Armor3d capability questions

david_j · May 20, 2019, 1:46am

Thanks for your answers… I’m not daunted if Armory can’t do all of what I need, as I’m willing to put dev work (and money) into improving it. I’m just trying to understand whether its reasonable / viable to get where I’m going…

For example…I would really prefer to keep my modules (like cloth) as fully native code. The cloth sim is threaded, using OpenMP… and jumping through hoops to get it to do native shared memory threading through Emscripten pthreads sounds like a world of pain. I don’t care about losing web-player support. Is this viable? Or is it just too difficult given the way Armory3d is built around Haxe?
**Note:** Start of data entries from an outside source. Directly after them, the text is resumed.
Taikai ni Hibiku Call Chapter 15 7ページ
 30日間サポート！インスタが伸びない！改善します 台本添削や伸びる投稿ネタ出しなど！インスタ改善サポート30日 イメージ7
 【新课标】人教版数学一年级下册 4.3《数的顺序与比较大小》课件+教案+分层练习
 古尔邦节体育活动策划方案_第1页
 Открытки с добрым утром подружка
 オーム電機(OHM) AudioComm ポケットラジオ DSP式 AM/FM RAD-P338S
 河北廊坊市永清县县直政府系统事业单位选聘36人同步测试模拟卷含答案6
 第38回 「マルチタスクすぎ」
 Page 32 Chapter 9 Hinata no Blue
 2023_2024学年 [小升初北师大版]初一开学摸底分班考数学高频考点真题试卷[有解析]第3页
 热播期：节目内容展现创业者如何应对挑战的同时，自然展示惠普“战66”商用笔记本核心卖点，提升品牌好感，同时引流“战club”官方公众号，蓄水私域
On a similar note… is Armory3d entirely single-threaded because of Krom/Haxe? Does it have notable garbage collection pauses?

I was naively assuming that Armory3d was a more typical C/C++ core engine, with Haxe for scripting… but looking through the code, it appears to all be built in Haxe. That certainly has it’s advantages, but for some “heavy lifting” stuff, fast native threading is really important.

BlackGoku36 · May 20, 2019, 5:35am

Iron is core engine written in Haxe Kha, see Armory3D’s architecture. Yes, it have multi-threading and is really fast (Legend say that Krom target is sometime faster than C/C++ target)

zicklag · May 20, 2019, 2:55pm

Definitely checkout the Armory3D architecture link that @BlackGoku36 posted to understand a bit more about the way everything is put together.

As far as your cloth simulation library and not compiling to JavaScript, that is still a possibility, you would just have to compile your own version of Krom, the technology that runs Armory games during development, and provide JavaScript bindings to your library for it. That would be going out of your way a bit more to make that happen, but it isn’t a huge deal.

You can still use Krom during development and export the game to C for the production build. If you want to avoid Krom completely you are going to have to wait for much longer build times because you have to build the generated C code every time you change something.

zicklag · May 21, 2019, 3:51pm

I just checked out ArmorPaint, and it uses a fork of Krom to provide native file dialogs and Direct3D11 support, so that is a good example of Extending Armory to use native libraries for a Krom application.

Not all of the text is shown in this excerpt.